With consumer-grade forms of quantum computing nearing availability, this technology has the potential to permeate every aspect of daily life by solving certain types of problems exponentially faster—in some cases performing in minutes what might take months on the most powerful classical computers. The positive impacts of such a leap in processing power, as covered in prior articles, are difficult to understate.
Such processing power and potential also has a cautionary side. Even the best available encryption technologies may be vulnerable to being cracked in relatively short order by quantum computing, potentially leaving sensitive data vulnerable. Further, the prospect that artificial intelligence and other machine learning modules may be accelerated exponentially overnight with a shift to effective quantum computing platforms is also foreboding.
Through this lens, we consider the impact of quantum computing on three increasingly foundational aspects underpinning modern computing: hardware, artificial intelligence, and cybersecurity.
Hardware
There are various technical hurdles that need to be overcome for the use of qubits in quantum computing, including trapping neural atoms, trapping ions, operating superconductors, controlling spin qubits, and so on. These new applications, except those for spin qubits, are not compatible with traditional semiconductors. For example, superconducting quantum computers can operate only at an ultracold temperature (e.g., -272 to -253°C).
Since the hardware for presently known quantum computing modalities is fundamentally different from classical computing hardware, if consumer-grade quantum computing becomes more available traditional semiconductor companies will need to dramatically shift their focus. The needed changes will include all aspects such hardware design, manufacturing processes, and/or choice of materials. This dynamic would open opportunities for agile, disruptive new companies and would pose a significant challenge to industry incumbents.

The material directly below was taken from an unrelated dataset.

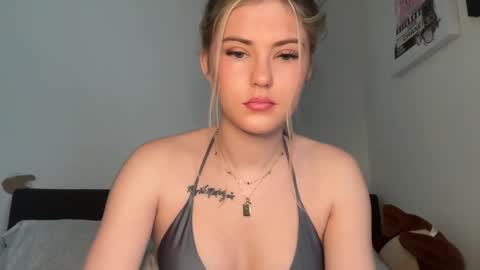 SarahxOliver online show from January 18, 2026, 4:22 pm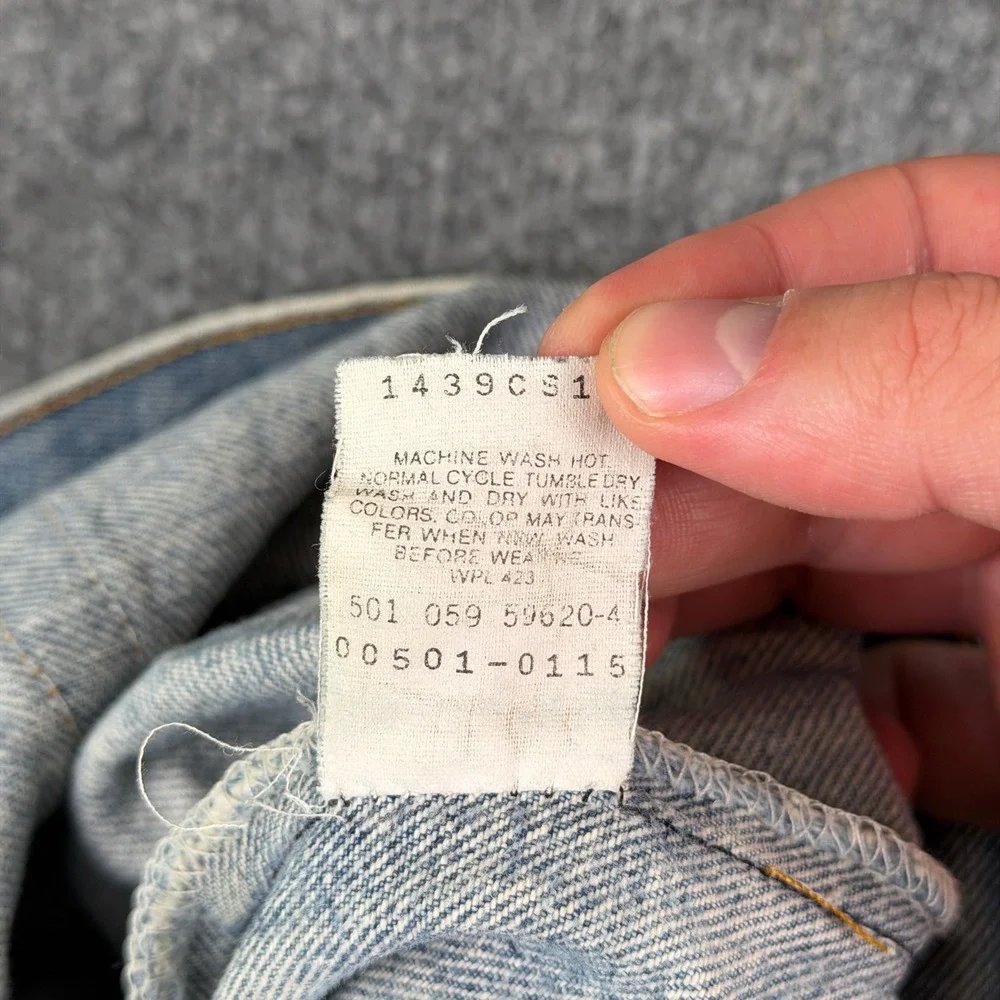 Vintage Levis 501 Jeans Mens 32x32 Blue Denim Distressed Repaired Made in USA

That said, traditional semiconductor companies are also aspiring to develop semiconductor-compatible quantum computing technologies. For example, spin qubit technologies can be implemented in semiconductor circuits using the spin of electrons or holes within a semiconductor material. There are challenges, however – the process of controlling spin qubits is seriously complex and scalability is limited. Therefore, regardless of whether the standard qubit technology will be compatible with semiconductors or not, the hardware industry will likely face challenges which, if overcome, will create new business opportunities.
Artificial Intelligence
Quantum computing promises to bring transformative benefits to AI, particularly in data processing speed, machine learning, and optimization. By leveraging qubits and superposition, quantum computers can perform many calculations simultaneously, drastically reducing the time required to analyze large datasets. This acceleration enables AI systems to process information more efficiently, leading to the development of more accurate and reliable models, particularly in complex tasks such as image recognition and natural language processing. Additionally, quantum computing’s parallel computing capabilities enhance AI’s ability to solve optimization problems quickly, making it invaluable in fields like scheduling, resource management, and route planning.

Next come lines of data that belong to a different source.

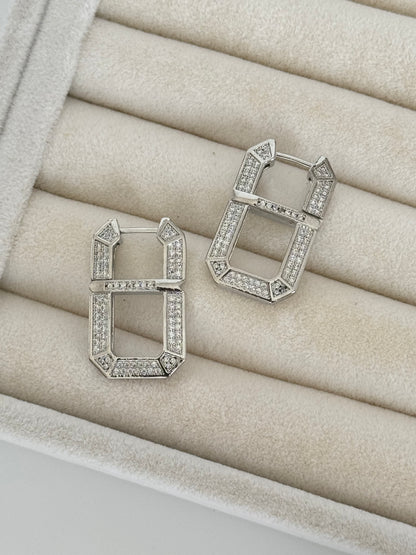 NARE İTHAL TAŞ DETAYLI SİLVER LEYLA KÜPE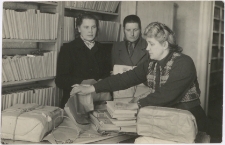 [Przygotowywanie kompletów książek dla terenowych punktów bibliotecznych w Powiatowej Bibliotece Publicznej w Kętrzynie]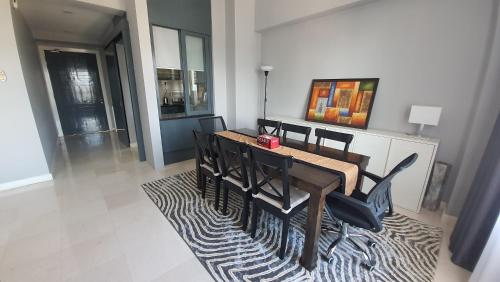 Homestay Jalan Tun Razak walking distance IJN, HKL, MRT Station, KPJ, PERKESO, Bernama, Tabung Darah near Taman Tasik Titiwangsa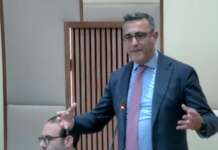 Comune di Napoli, consigliere Esposito lascia maggioranza e attacca giunta: “Non si cura dei cittadini”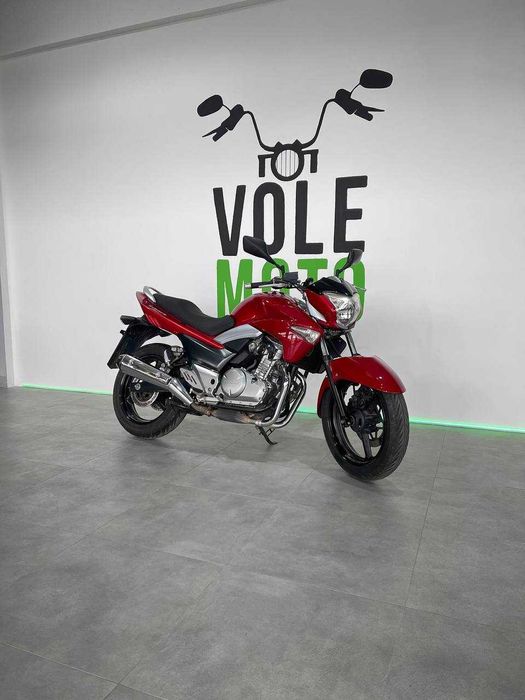 Мотоцикл Suzuki GSR250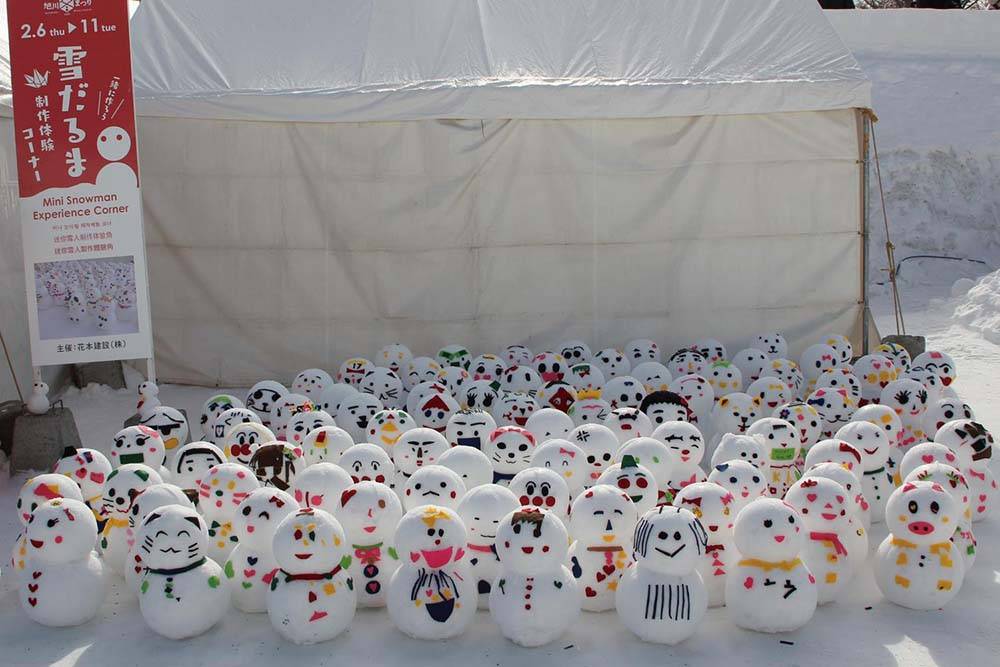 北海道打卡 超可愛雪人每個都各有特色！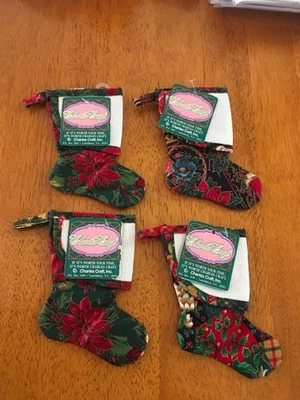 Lote de 4 Mini Medias de Navidad Charles Craft para Punto de Cruz - Nuevas con Etiquetas Foto 1 de 4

Moreover, quantum computing significantly boosts AI’s simulation capabilities. In complex environments where accurate simulations are crucial, such as finance, health care, and climate modeling, quantum computing’s ability to evaluate multiple scenarios simultaneously results in more precise and realistic outcomes.

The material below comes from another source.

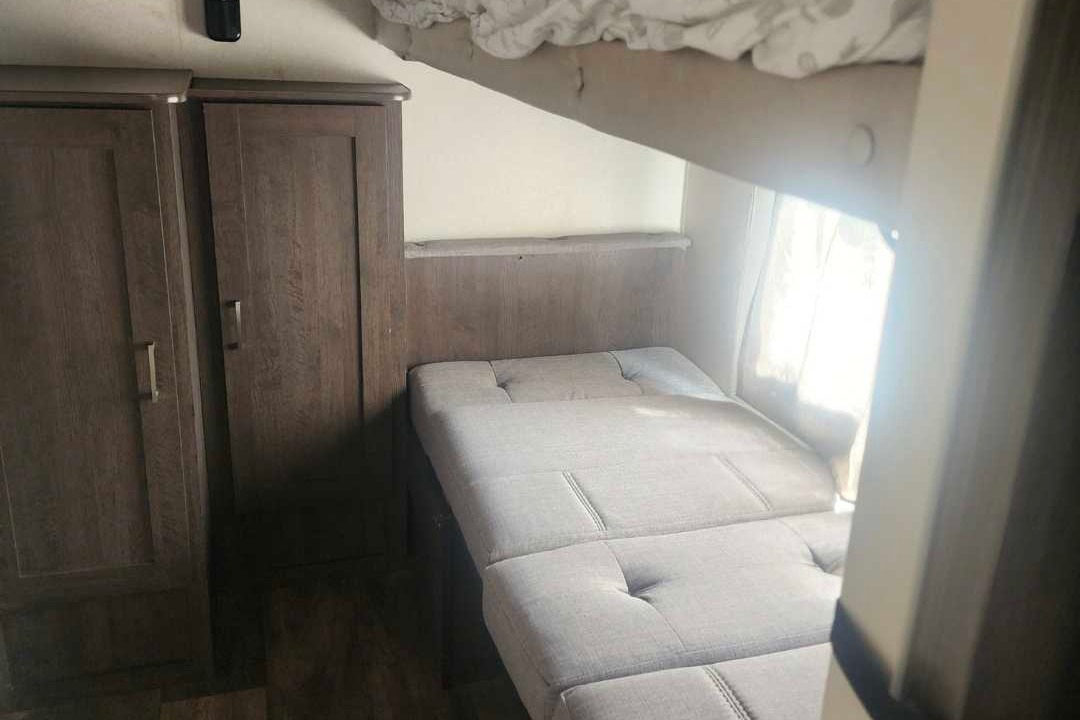 Rays 2017 Forest river with outdoor kitchen and Bunks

Finally, quantum computing can significantly enhance reinforcement learning by accelerating the process of exploring/exploiting vast action spaces. In reinforcement learning, agents learn optimal strategies through trial and error, which often involves processing large amounts of data and running numerous simulations. Quantum computers, with their ability to perform parallel computations and explore multiple possibilities simultaneously, can speed up this exploration, allowing agents to converge on optimal solutions more quickly. This improvement is particularly valuable where traditional computing struggles with the sheer volume of potential actions and outcomes, making quantum computing a powerful tool for advancing these applications.
Cybersecurity
Quantum computing is poised to revolutionize cybersecurity technology by introducing stronger, more resilient encryption methods that leverage the principles of quantum mechanics. Traditional encryption methods, such as RSA, rely on mathematical functions that are secure against classical computing but vulnerable to the immense processing power of quantum computers. This poses a threat to all sensitive data and systems presently guarded by these methods, including financial systems and data, communications systems, and health care data.
Quantum-based encryption, however, uses the unique properties of qubits, such as superposition and entanglement, to generate encryption keys that are fundamentally more secure. For instance, quantum key distribution (QKD) allows two parties to exchange encryption keys with absolute security, as any attempt by a third party to intercept the key would immediately alter the quantum state, thereby alerting the communicating parties to the presence of an intruder. This capability makes quantum encryption methods not just more secure, but nearly impervious to the types of attacks that threaten current encryption standards. Transitioning to quantum hard encryption is a critical, imminently needed step across industries.
Moreover, quantum computing will enhance cybersecurity by enabling faster and more sophisticated detection and response systems. As quantum computers become capable of processing vastly larger datasets at unprecedented speeds, they will allow cybersecurity tools to identify threats and anomalies more quickly and accurately. This will be particularly valuable in machine learning-based systems, where the ability to analyze and respond to massive amounts of data in real-time is critical for detecting advanced cyber threats.